No Money, Big Problems
Best of Breslin: Moneymen & Loansharks
Concerns over money are a constant theme of Jimmy Breslin’s work.
As the United States continues to sluggishly dig itself out of the economic hole of the 2008 financial crisis, average household indebtedness is falling. But that’s mainly because of defaults on debt, not because of a newfound sense of financial prudence and responsibility. Jimmy Breslin would not be surprised. As one collection of his columns read, “Someone who is not in trouble over money is either too rich or too stupid to be traveling on the same circuit.” Here’s one of his classic columns on loan companies and the hassle they put people through.
You could see the cards right away. There were fourteen of them, taped to the door like Christmas decorations, and everybody on the way to work stopped to see what they were about. Each card was the same. “Urgent you call this office immediately,” the handwriting said. Underneath it, in print, was the name, address, and telephone number of a loan company. It was eight o’clock in the morning. Within an hour the whole block knew that Leon Berger was in trouble with the finance company.
“They did more than that,” Leon says. “Another time they called my sister up at midnight and told her I was going to be in a lot of trouble if I didn’t pay. She called my wife up right away. My wife jumped out of bed and started screaming that I was keeping another girl. How am I going to keep another girl? I can’t even keep myself. But my wife kept arguing with me and I didn’t get to sleep until four o’clock. I went to work half dead. I’m not in the office twenty minutes when the boss calls me in. He wanted to know about this money the loan company called him up about. For $311, they were trying to wreck my life.”
Things like this happen every day, and in every part of New York City, because finance companies, with no specific laws to slow them down, go after people in debt sometimes as if they were chasing dogs off the sidewalk.
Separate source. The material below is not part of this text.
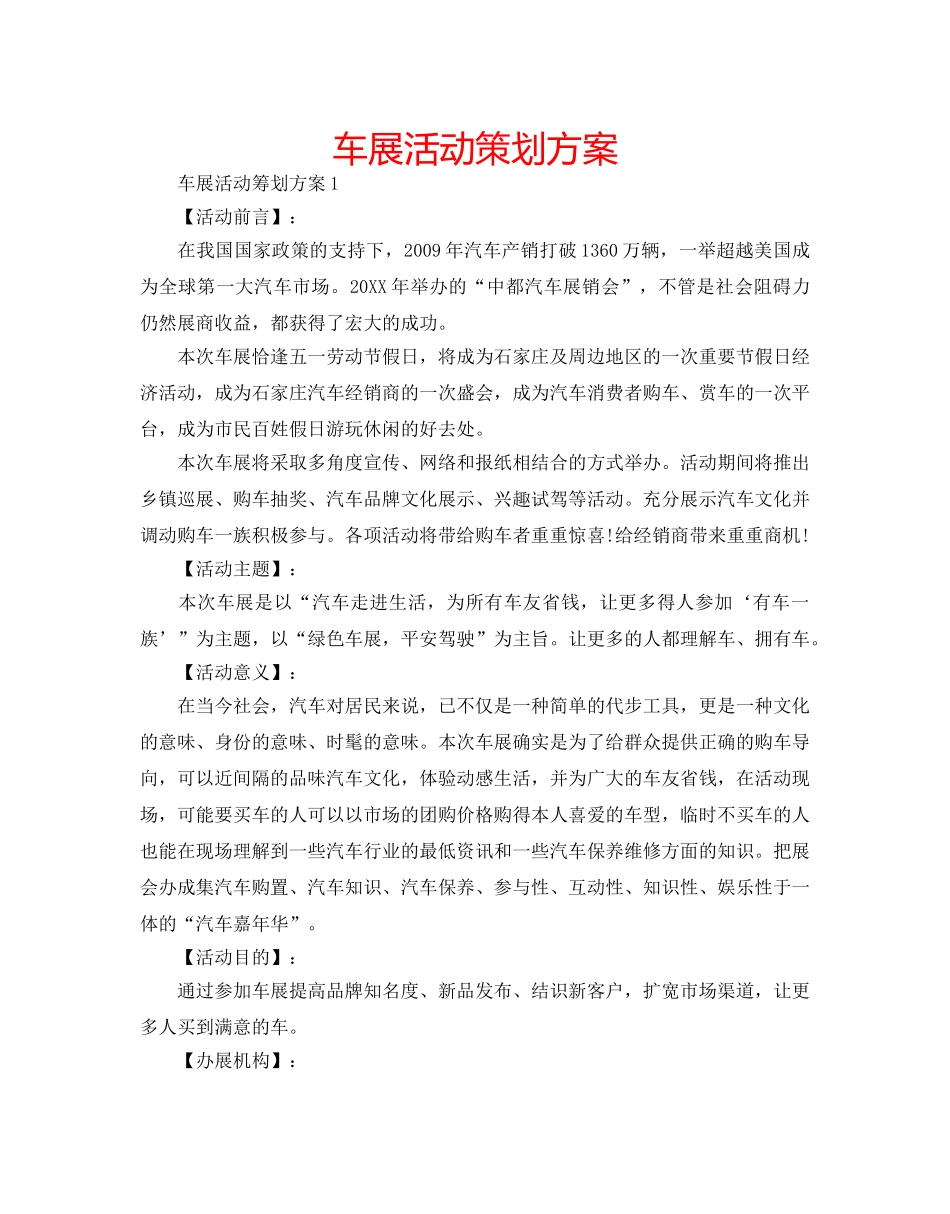 车展活动策划方案 _第1页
People borrow money from finance companies because they happen to need it. They are supposed to pay it back in monthly installments. The installments are not cheap. For a loan of $800, spread over two years, the payments are $40.27. At the end, the finance company gets back $966.48, or a profit of $166.48 on the loan. Shakespeare wrote a big thing about this kind of action.
Now some of the people who borrow run into trouble and can’t make the payments. Most of the time they have to keep the matter secret because very few men want wives to know they borrow money. The minute they fall behind in payments, they are in the hands of the finance-company agents. The agents are generally young, but they act like they went to school in Leningrad.
Out in Freeport, Long Island, there is a guy named Stewart working for one of the loan companies and everybody calls him “the Hero.” He chases people as if they had his own money. If you are a late payer, he goes to the house next door and tells them that you owe money. That’s one of his better moves. His best one is to show up at the train station in the morning and catch his man in front of a crowd of commuters, then start yelling, “What’s the matter? Why don’t you pay what you owe?”
This isn’t just one case. Nor is the whole subject restricted to just a few people. New York is a city of credit. When there is credit, there are people in trouble. And there is always some sick degenerate sitting at a desk in an office who can’t wait to get personal pleasure out of somebody else’s trouble. There is no way to stop him, short of a sawed-off shotgun, which is warmly endorsed here, but rarely heard of. The situation calls for a strong law.
Yesterday State Assemblyman Michael Capanegro, Democrat from Queens, began drafting a bill that he is going to introduce at the next session of the legislature. Capanegro’s bill calls for the establishment of a commission to control the orderly collection of debts while protecting the dignity and privacy of small borrowers.
“I want to stop the repetitious, consistent, and constant molesting, phone-calling, house-visiting, calling of employers, and general intimidation and harassment of individuals by loan companies,” Capanegro said. “Loan companies have the legal remedy of the courts if people do not pay them back. I want them to use that remedy. Only a minute percentage of non-payers are of the type known as ‘dead beats.’ Most non-payers are simply up against it in life. Their problems should be ruled on by a judge, not by some vicious, power-crazed individual working in a loan-company office.”
Capanegro’s proposed law is not quite so far-reaching as two that once existed. One was sort of natural law. Under it, you invited the finance-company guy into the apartment and had friends present. All grabbed the finance-company guy, threw him under the shower, then turned him out into the street. This worked best in the middle of winter. By the time the finance-company guy hit the corner, you could ice skate on his overcoat. The other law was the one put on the books in Boston by James Michael Curley. He ruled that no Civil Service employee could pay back money to a loan company unless his wife said in writing that she would let him. This was one of the great pieces of American legislation. Right now, the best available is Capanegro’s, and it appears to be good enough.